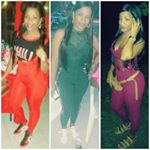 Profile Picture of claribel mena garcia (@claribelmenagarcia) on Instagram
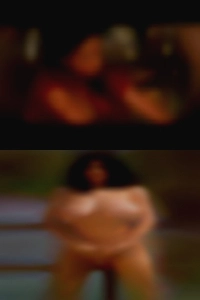 Dominant inside swingers cuckold employment & find out.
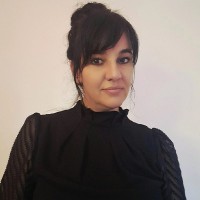 Jana Viljoen Email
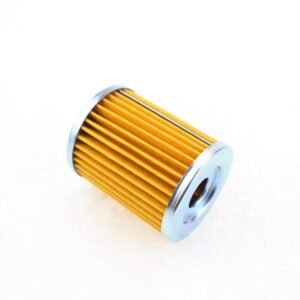 Motorcycle Oil Grid Filter Motorbike Oil Filter For Suzuki DRZ125 DR200SE RV125 LTZ250 LTF250 AN250 AN400 Burgman 16 - Racext Motorcycle Oil Grid Filter Motorbike Oil Filter For Suzuki DRZ125 DR200SE RV125 LTZ250 LTF250 AN250 AN400 Burgman - - Racext 15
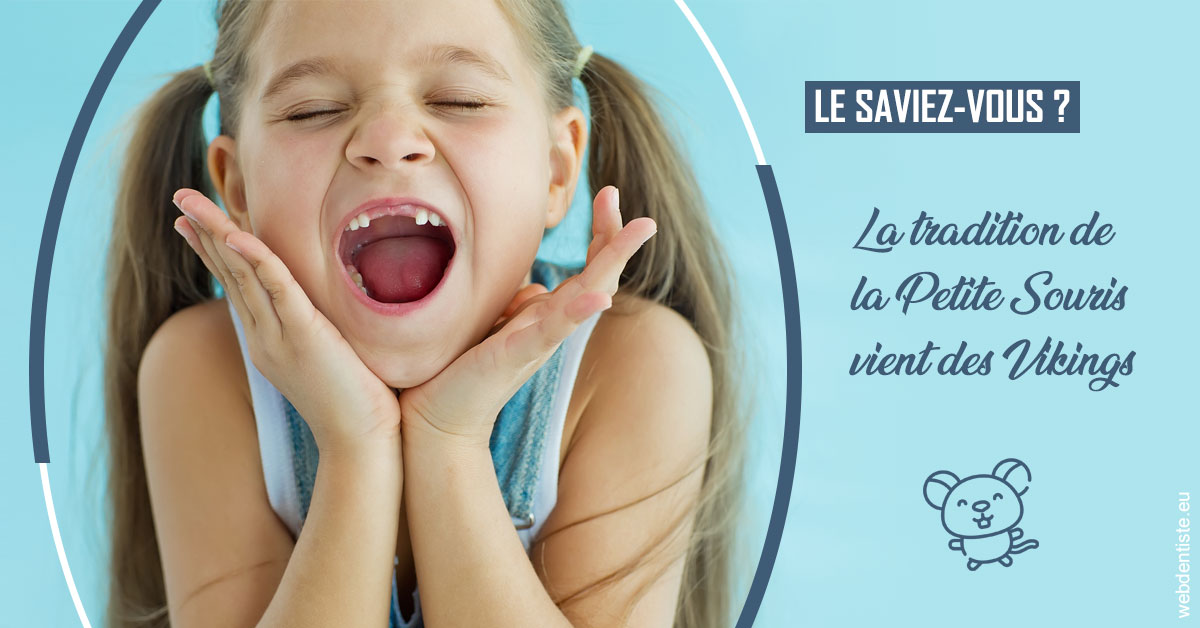https://dr-bensoussan-jacques-yves.chirurgiens-dentistes.fr/La Petite Souris 1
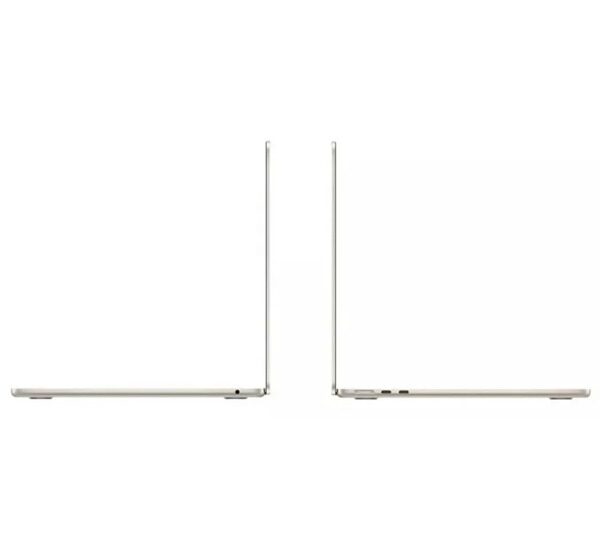 applemacbookair13a2681m28core1362560x160016gb256gbssdapplem28coregpuwi-fibluetoothmacosmc7w4llastarlight_2_186381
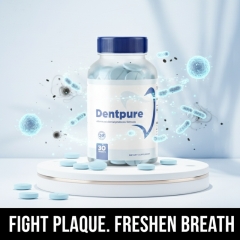 Dentpurereviews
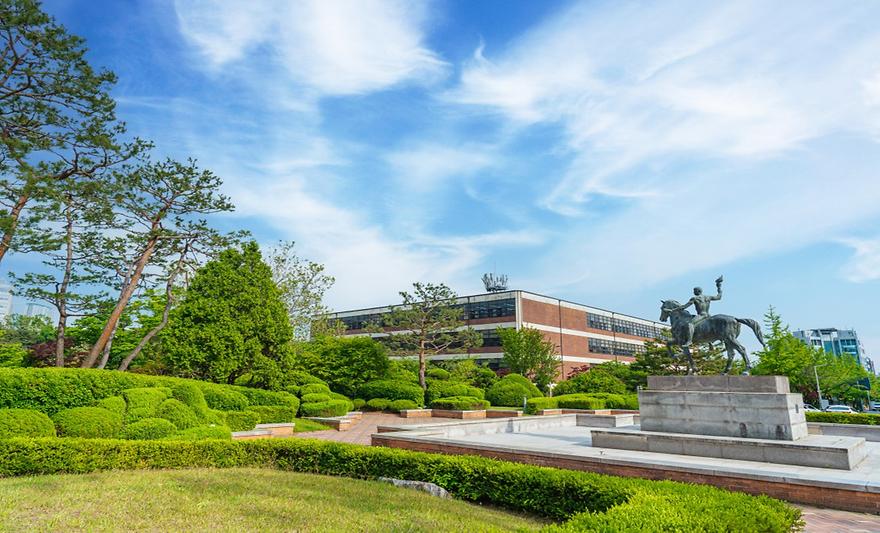 '청년도약 인재양성 부트캠프’ 참여, 지역 청년들에 AI 직무교육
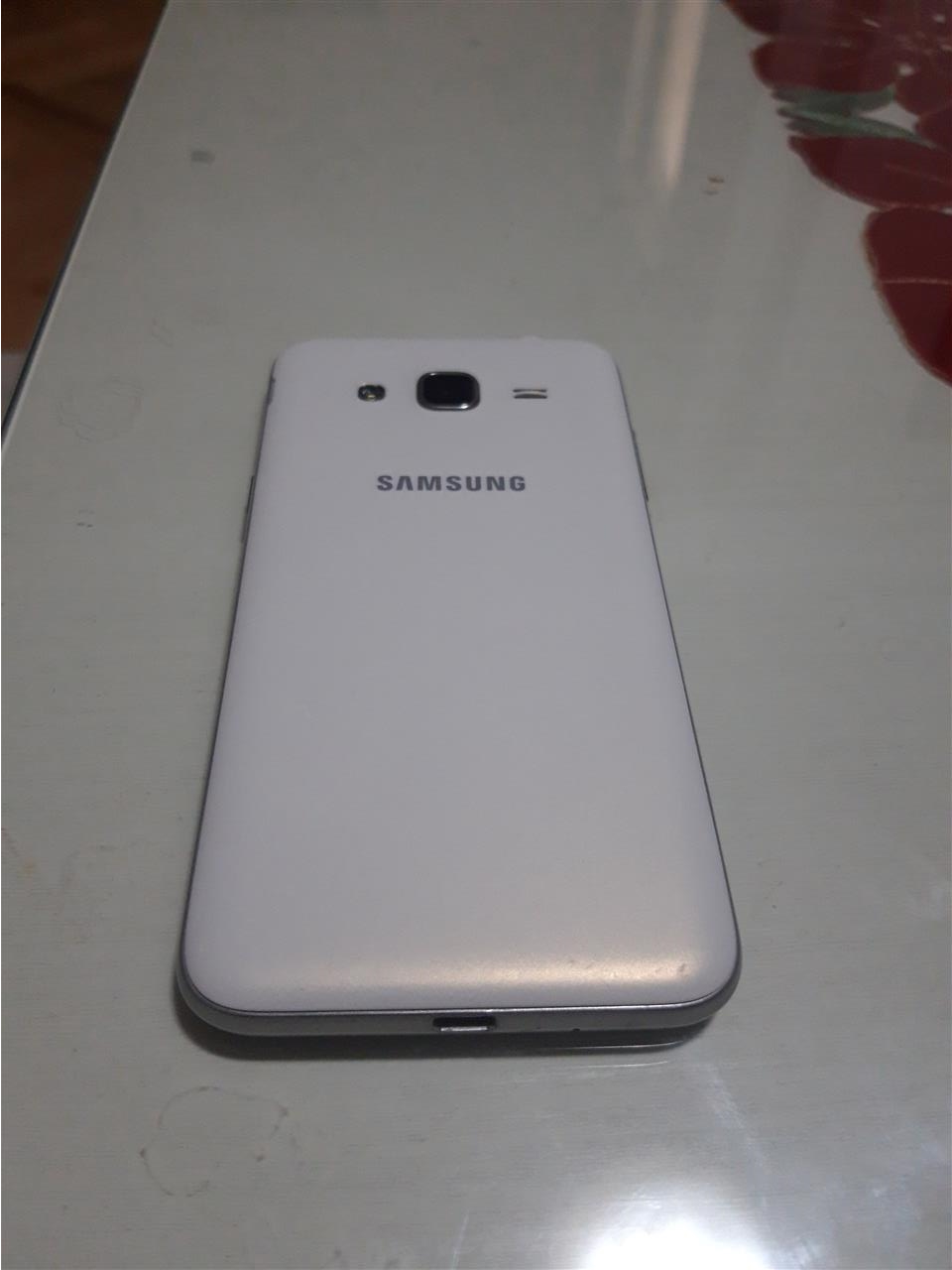 SAMSUNG-GALAXY-J3-2016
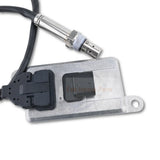 Stickoxidsensor 84422745 für CASE IH Traktor MAGNUM 290 315 QUADTRAC 450 500 STEIGER 450 500 Lader 521F 821F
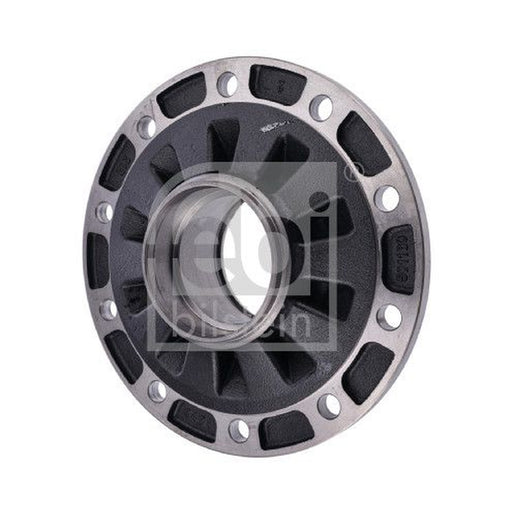 Febi Wheel Hub Stud 184427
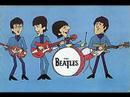 Beatles (The)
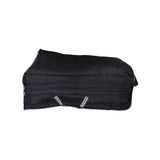 Couverture d'écurie Acavallo 210 d ripstop 300 gr AC 633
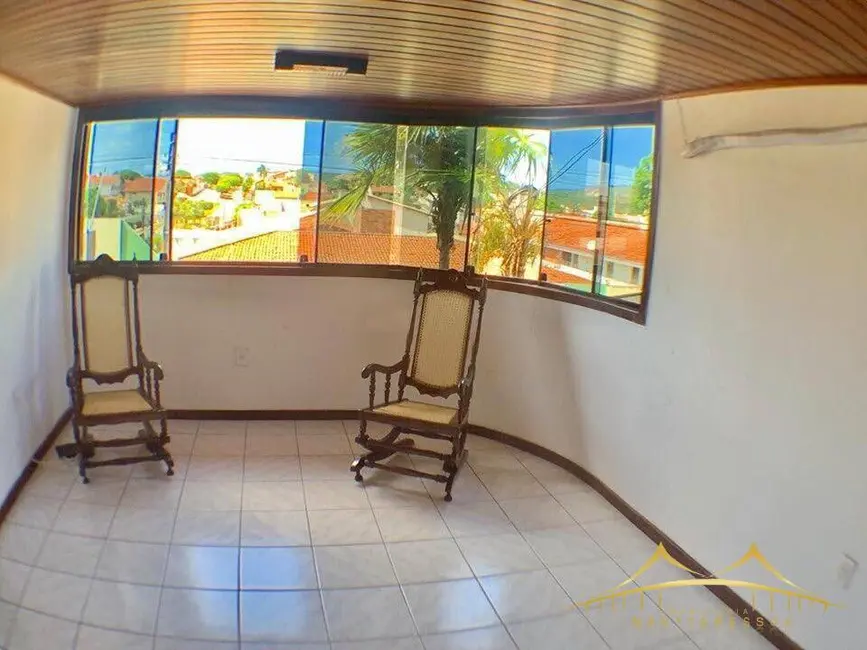 Casa com 5 quartos à venda, 450m2 em Capim Macio, Natal - RN - imagem 4 Foto 4 de Casa com 5 quartos à venda, 450m2 em Capim Macio, Natal - RN
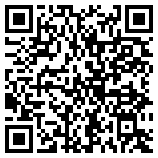 QR Code for Mary's Select Foods and Delicatessen in North East, PA 16428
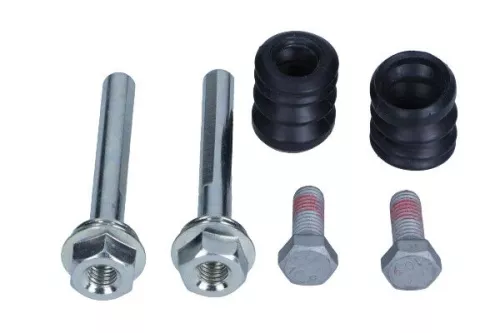 MAXGEAR Guide Sleeve Kit, brake caliper (49-1938)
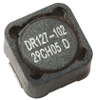 Surface Mount Inductors - 7701022P - RS Components, Ltd.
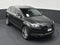 2015 Audi Q7 3.0T Premium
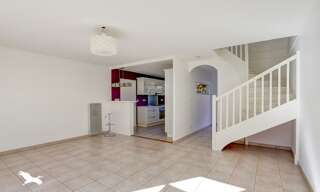 Maison 4 Pièces 82 m² à vendre à Saint-Sulpice-la-Pointe (81370)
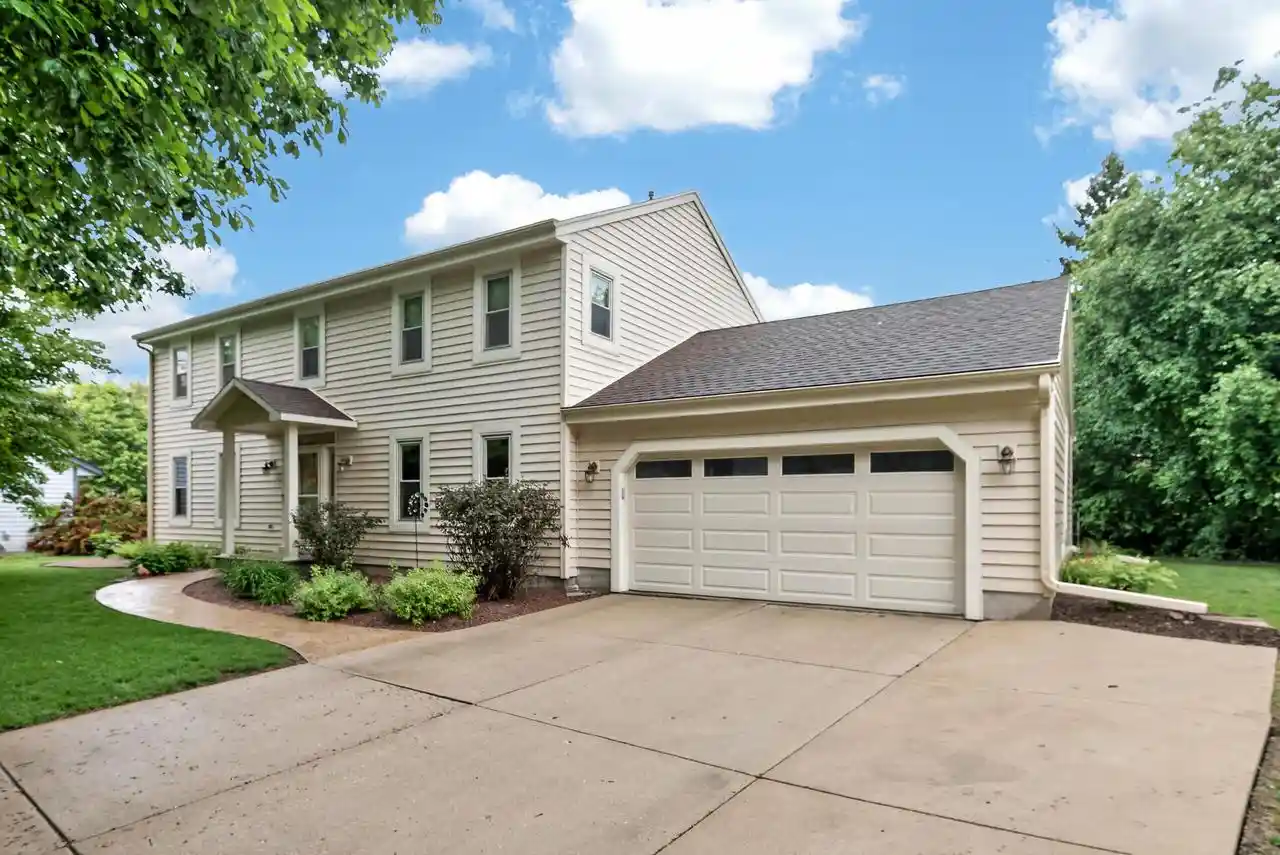 1st image of 2070 S 103rd Court Court, Milwaukee, WI 53227 | MLS# 1966004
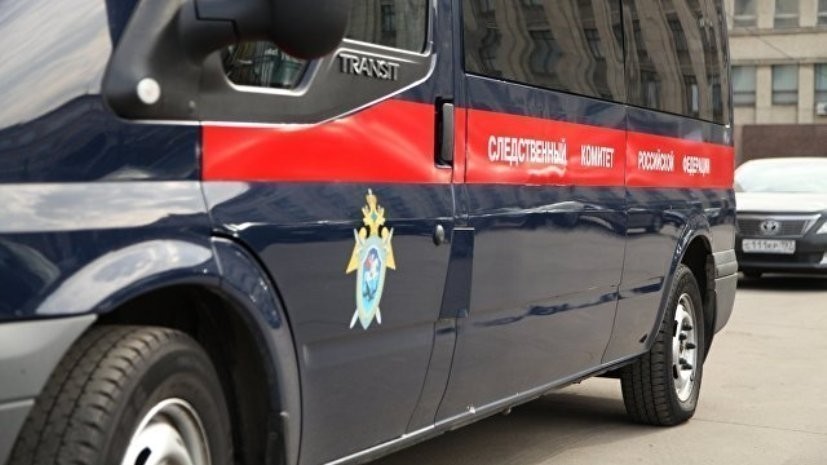 Возбуждено уголовное дело после сообщений СМИ о нарушениях в колонии в Ярославской области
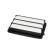 Air Filter HA-8684 Kavo parts, Thumbnail 2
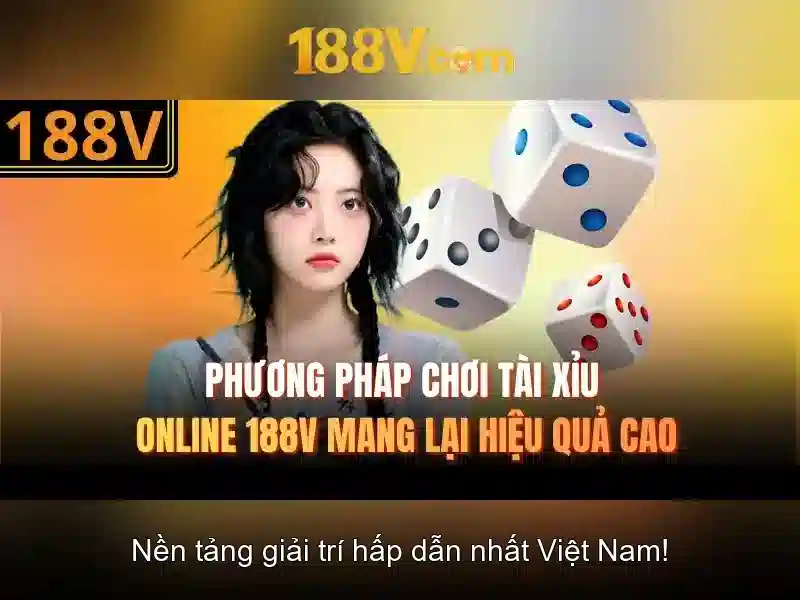 Nguyên lý hoạt động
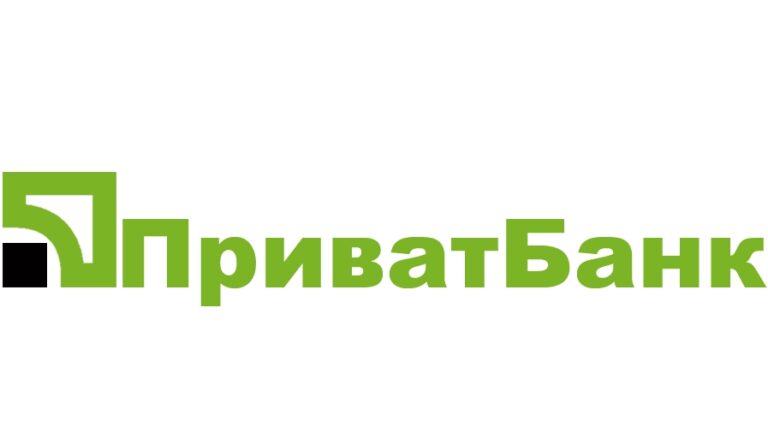 Цієї ночі Приватбанк тимчасово призупинить усі онлайн-операції та роботу терміналів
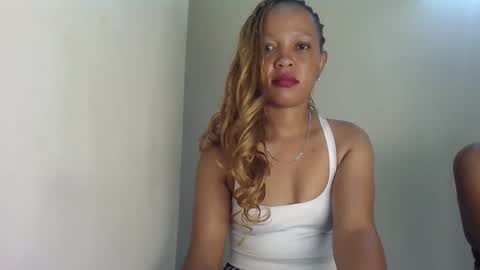 sweet likey online show from April 17, 2026, 7:39 pm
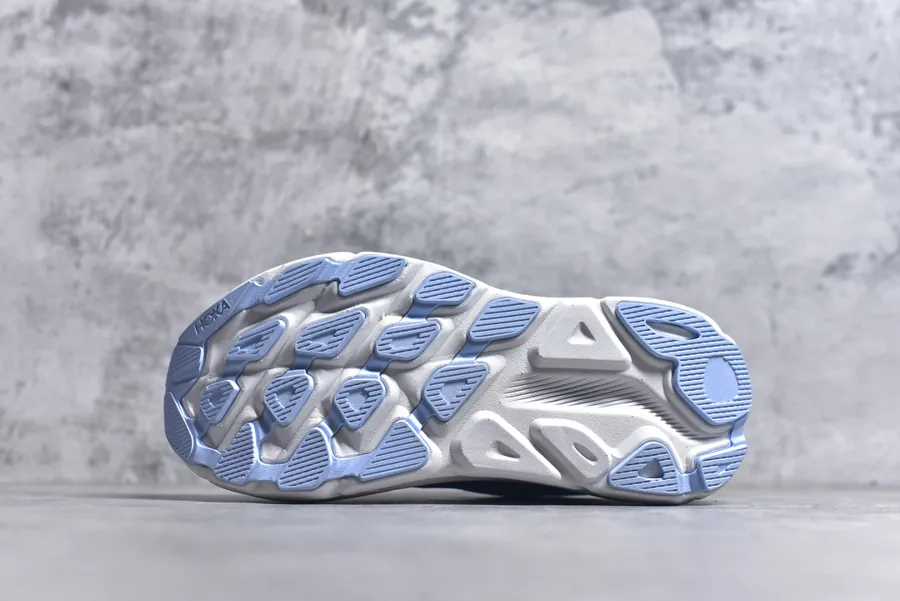 ONE ONE Ifton 9 Professional Performance Road Running Shoes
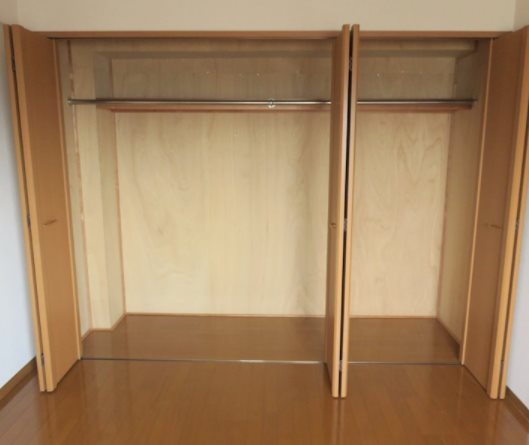 STAR DREAM その他3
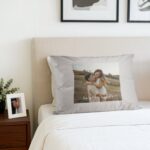 🖼️ 106278-1-kissen-50x60cm-hellgrau.jpg | Individuelle 🎁 persönliche 🎁 personalisierte Geschenke bedruckt ▪ bestickt ▪ graviert Bild von kissen xcm hellgraujpg | Individuelle 🎁 persönliche 🎁 personalisierte Geschenke bedruckt ▪ bestickt ▪ graviert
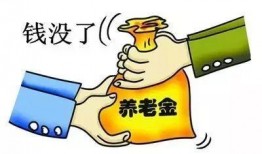 融通医疗爆料最新消息,行业动态揭秘，热点事件追踪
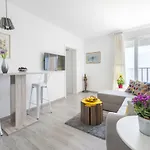 Fm Apartment Split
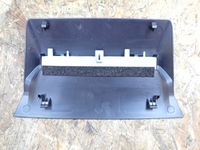 фото thumb №6, Третий свет стоп lexus is iii 200t 300 po lift 2018 europa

______

- Task to complete -
Copy exactly the lines of the entries above from the one containing "Цієї ночі Приватбанк" through the one containing "STAR DREAM その他3". Both end lines count; pictures do not.

- The answer -
 Цієї ночі Приватбанк тимчасово призупинить усі онлайн-операції та роботу терміналів
 sweet likey online show from April 17, 2026, 7:39 pm
 ONE ONE Ifton 9 Professional Performance Road Running Shoes
 STAR DREAM その他3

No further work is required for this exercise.